If you have more than one computer running Ubuntu (or Debian), or maybe you are experimenting with different installations of Ubuntu using something like VirtualBox, you might find yourself using a lot of bandwidth and time when downloading packages from the Internet to update or add capabilities to your machine. By default each installation of Ubuntu will go directly to the Ubuntu download servers to get packages, producing a situation where you are downloading the same file multiple times through your connection to your ISP. There is an alternative to this situation though, you can download the packages through a host on your own network that will act as a cache. The next time any machine wanting that file requires it, the cache will serve its own copy, instead of having to download it again. This is a lot quicker, as the speed in your internal network will be much higher than the speed of the connection to your ISP, it is also a great bonus if you have maximum download allowances as part of your Internet connectivity package. Setting this up is not too difficult, thanks to a program called Apt-cacher.

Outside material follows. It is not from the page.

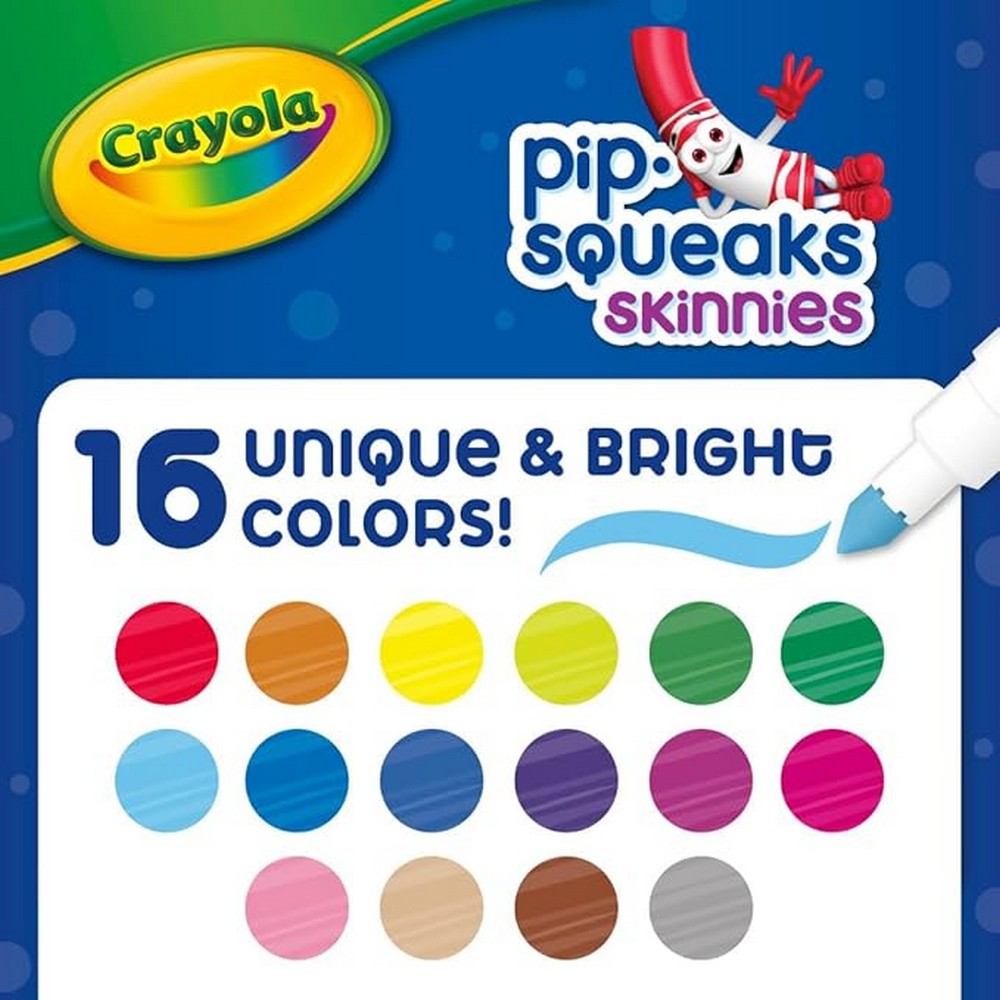 Crayola Washable Pip-Squeaks Skinnies Markers, Skinny Tip, Washable Ink, Art Projects, Creative Supplies, Pack of 16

This is worth doing even if you find yourself running two or three virtual machines on your laptop as it will save time when downloading updates on the second machine (if it is the same architecture), and also make updates locally available if you should want to set up another virtual machine. If you are running only one machine it is not worth doing this as you will of course use up a but of disc space in holding the cache of packages. I followed the instructions on the Ubuntu Wiki at https://help.ubuntu.com/community/Apt-Cacher-Server to set this up. Firstly, I installed the apt-cacher (don't confuse this with apt-cache which is a command used to search the package directory) package from the repositories on the machine I was using to host the cache, then edited /etc/default/apt-cacher to change AUTOSTART to 1 (this will cause the apt-cache daemon to start automatically when the cache host machine starts). There is a configuration file at /etc/apt-cacher/apt-cacher.conf in which I only changed the admin email, but there are many other options if you want more control over how the system works. Now you can start up your new caching server with:
sudo /etc/init.d/apt-cacher start
You only need to do this when you first install it as it will be started automatically when you boot up your host. You should be able to see signs of life from your apt cacher server if you go to http://localhost:3142/ if you are setting it up on a remote machine, change 'localhost' for the hostname of the machine.

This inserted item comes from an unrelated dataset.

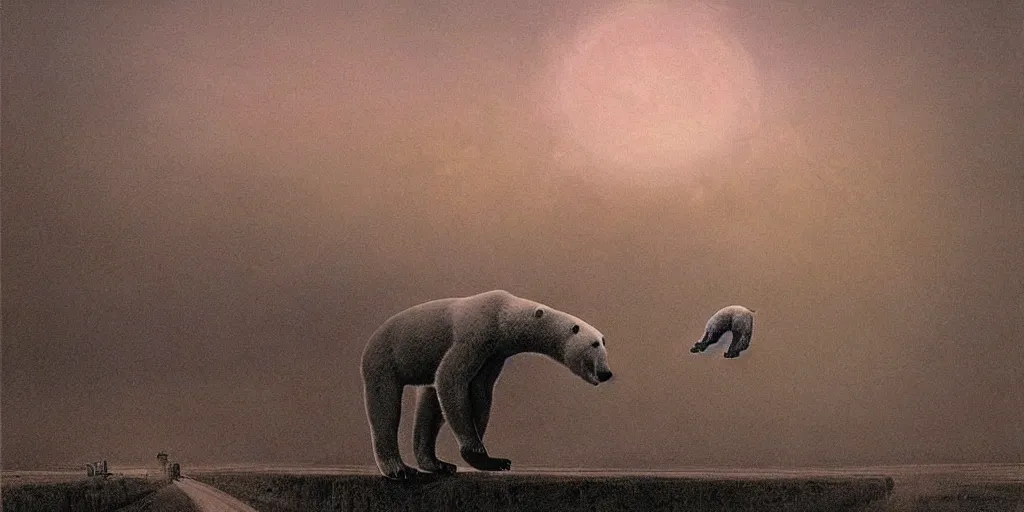 Prompt: Polar bear flying in the night sky above a warmly lit farm town , size difference, Zdzislaw Beksinski, Wayne Barlowe, (H.R giger), gothic, biomorphic, amazing details, dystopian, surrealism, cold hue's, warm tone gradient background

Now you can configure your client (or guest) machines to use your new cache. There are two ways to do this, if you use Synaptic to for package management you can just go to Settings -> Preferences -> Network and select "Manual Proxy Configuration" and enter the IP address or hostname used for your caching host under "HTTP Proxy" and select 3142 for the port name. If your router allocates IP addresses dynamically then it is probably worth setting up a fixed IP address for your caching host to avoid having to repeat this step. If the machine that is going to be a client of the proxy is a machine that you might take off your own network (e.g. if it is a laptop) then you can just switch this setting back to "Direct Connection to the Internet" while you are away.
If you are using the command line utility apt then set up a file named 01Proxy under /etc/apt/apt.conf.d and enter into it:
Acquire::http::Proxy "http://[IP address or hostname of the caching server]:3142";
Not a lot of configuration for a real benefit. You don't have to be running the same version of Ubuntu on your host as your guests either, I've been using this on an Ubuntu 8.04 host with some virtual machine images of Ubuntu 8.10 and it works very well.
Re: Saving bandwidth when using multiple Ubuntu machines ...
Your document is clear; itś well-written. However I´d appreciate something about how one goes about testing this. I believe I followed your instructions to the letter. To test it: I did a sudo apt-get update at the client. What appeared is no different from the normal sudo apt-get update before apt-cacher. All the ¨Get:nn http://" are against the repos from the sources.list. Itś not clear whether the clientś apt is even going to the apt-cacher server.
I have made no changes to my server and client sources.list.
I can connect to the server with a http://[192.168.1.1]:3142 from the client
In the client:
o I setup a ¨Manual Proxy Config¨ via synaptic.
o I also set up the 01proxy in apt.conf.d
How do I know this is working or not?
Thanks
MP
Re: Saving bandwidth when using multiple Ubuntu machines ...
Hi Max,
This is a good question, as apt-cacher is acting as a proxy you won't see any difference in the output of apt-get update. Fortunately, apt-cacher provides logging functionality so you can see exactly what it is up to. The log files apt-cacher creates can be found under /var/log/apt-cacher/ on the machine you have apt-cacher installed. A good way to test it is to use this command:
sudo tail -f /var/log/apt-cacher/access.log
This will output what apt-cacher is doing to a terminal window and show you if it had the resource being required or had to fetch it. If you try to update a client machine now you should see that this generates output here. Also available is a summary report of the traffic apt-cacher handled. To generate this you need to edit /etc/apt-cacher/apt-cacher.conf and make sure you switch the reporting option on, so you need a line that says:
generate_reports=1
After these reports have run (they are generated once a day), you will find a file named report.html under /var/log/apt-cacher/ which will show you some statistics about how your instance of apt-cacher is performing.
Hope this helps!
Re: Saving bandwidth when using multiple Ubuntu machines ...
Hi,
Your post is indeed useful. I have a question.
Do you know if there's a way to set up any of the clients to act as servers? Say I have 6 clients. I do not want any particular client or the server to act as the host. If client A downloads a package (client A could be any of the 6), the next time some client B needs the same package, it should be downloaded from client A.
Thanks!